The stray animals of Istanbul, and much of Turkey in general, is a fantastic phenomenon. Many stray dogs are found lazily roaming the streets of Istanbul, and nearly all of these dogs are tagged by the ear. Citizens of Istanbul regularly put food down in front of their shops or houses to feed these stray dogs, and the animals and humans simply co-exist in a state of harmony. The stray dogs all appear well-fed, with thick coats, that they even manage to live comfortably through Istanbul’s mild winters.
For the nomadic entrepreneur types like me who love the coffee shop lifestyle, Istanbul is heaven but somewhat hell at the same time. It is absolutely heaven in its love for coffee and tea, and the omnipresence of coffee shops around every corner in the city. For coffee-obsessed Millennials like myself, finding a place to sit down and relax with a Turkish coffee (or Americano, if you wish) is perhaps one of the easiest things to do in Istanbul. On the flip side though, Turkey generally has very poor WiFi speeds (along with government censorship of websites), so it is a bit of hell in the sense that it can be quite a struggle to find half-decent WiFi at the coffee shops.
Regardless of your success with finding functional WiFi, do sit down and enjoy a Turkish coffee, always served with a small cube of Turkish Delight. I recommend having your coffee with a baklava instead to make it pure oral heaven (not a fan of Turkish Delight myself). And if you are not a coffee person, then do enjoy a Turkish tea — the default is the Turkish black tea (Rize çayı) served in a small glass, but you can also try the variety of other mainstays like apple tea (elma çayı) or winter tea (kış çayı).

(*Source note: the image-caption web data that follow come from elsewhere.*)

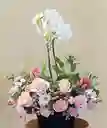 Caja Con Rosa, Margarita, Lirios Y Orquidea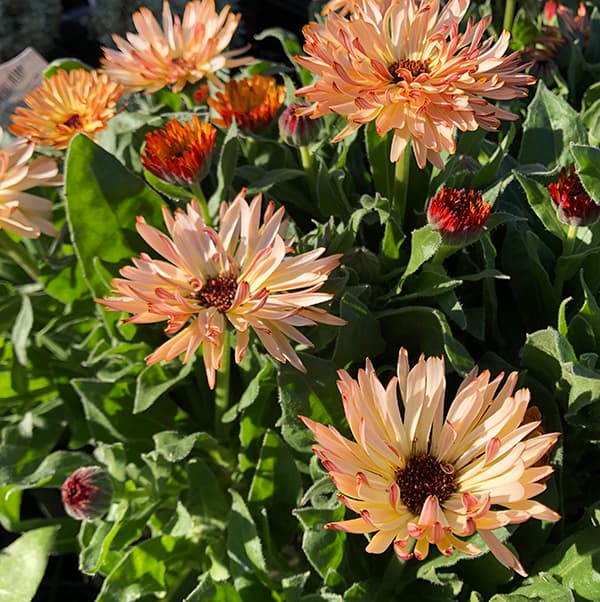 草花の苗 カレンデュラ コーヒークリーム3.5号ポット |  | 13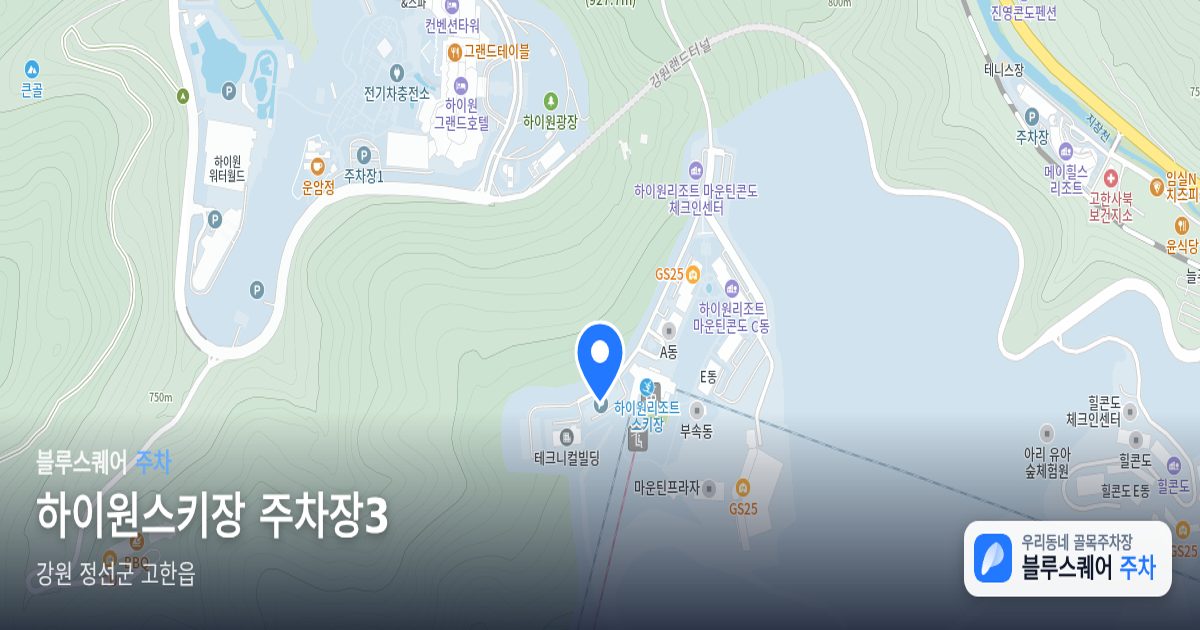 하이원스키장 주차장3 위치 지도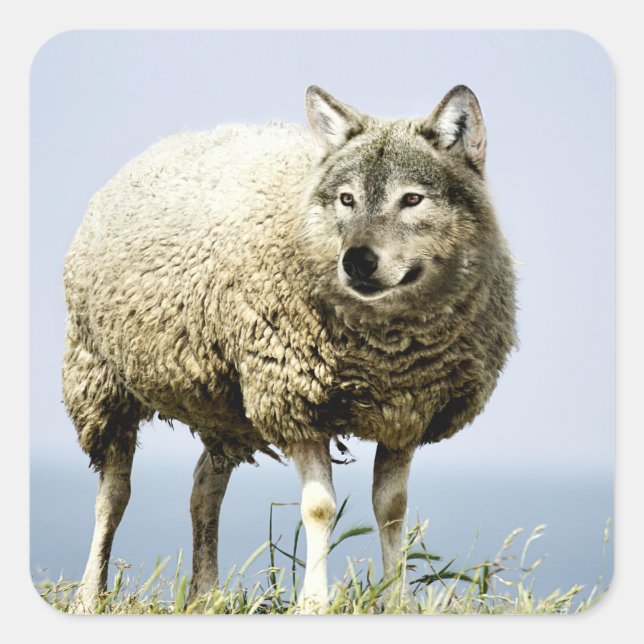 Sticker Carré Loup en vêtements de mouton (Devant)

What really surprised me the most was Istanbul’s mass transit system — it is impressively modern, clean, efficient, and relatively easy to navigate. Call me ignorant, but this was not something I expected from a city that belongs in a country frequently labeled for being “backwards” and economically struggling. I bought an Istanbulkart right after I arrived at the airport, and I tried all models of public transportation in Istanbul with it. I rode the Metro (subway), the tram, the bus, and the ferry — overall experience 10/10. I would say that Istanbul’s public transportation system was one of the best I have experienced in any city around the world, better than even the likes of Tokyo, Seoul, Hong Kong, Shanghai, and London. Even crossing the Bosphorus between Europe and Asia was much simpler than it looks on the map, as there are frequent ferries from all ferry terminals on each side that traverse the Strait in 30 minutes or less.
Compared to many other cities, public transit in Istanbul was comfortable and enjoyable, rather than crowded and torture. But, if you prefer to always have peace and maximum comfort, you can hail yellow cabs from the street easily, and the fare is very cheap by Western standards – a 15-minute ride in the city should cost no more than 20 Lira (less than $4 USD at the time of writing).
Leisure & Activities
If you are a culture-phile or a history-phile, then you will not run out of places to see in Istanbul. The city is full of museums, mosques, churches, places of interest, history and stories hidden in nooks and crannies, and more. The standard tourist must-go’s like Hagia Sophia, Blue Mosque, Galata Kulesi, Dolmabahçe Palace, etc., are just scratching the surface.
Turkish hammams are a must-try, and you can find many options in Istanbul. Most of the English-speaking options are on the European side and are geared towards tourists, but some are very reasonably priced. You can find a few of these in the Beyoğlu area. Typically you will be required to book in advance.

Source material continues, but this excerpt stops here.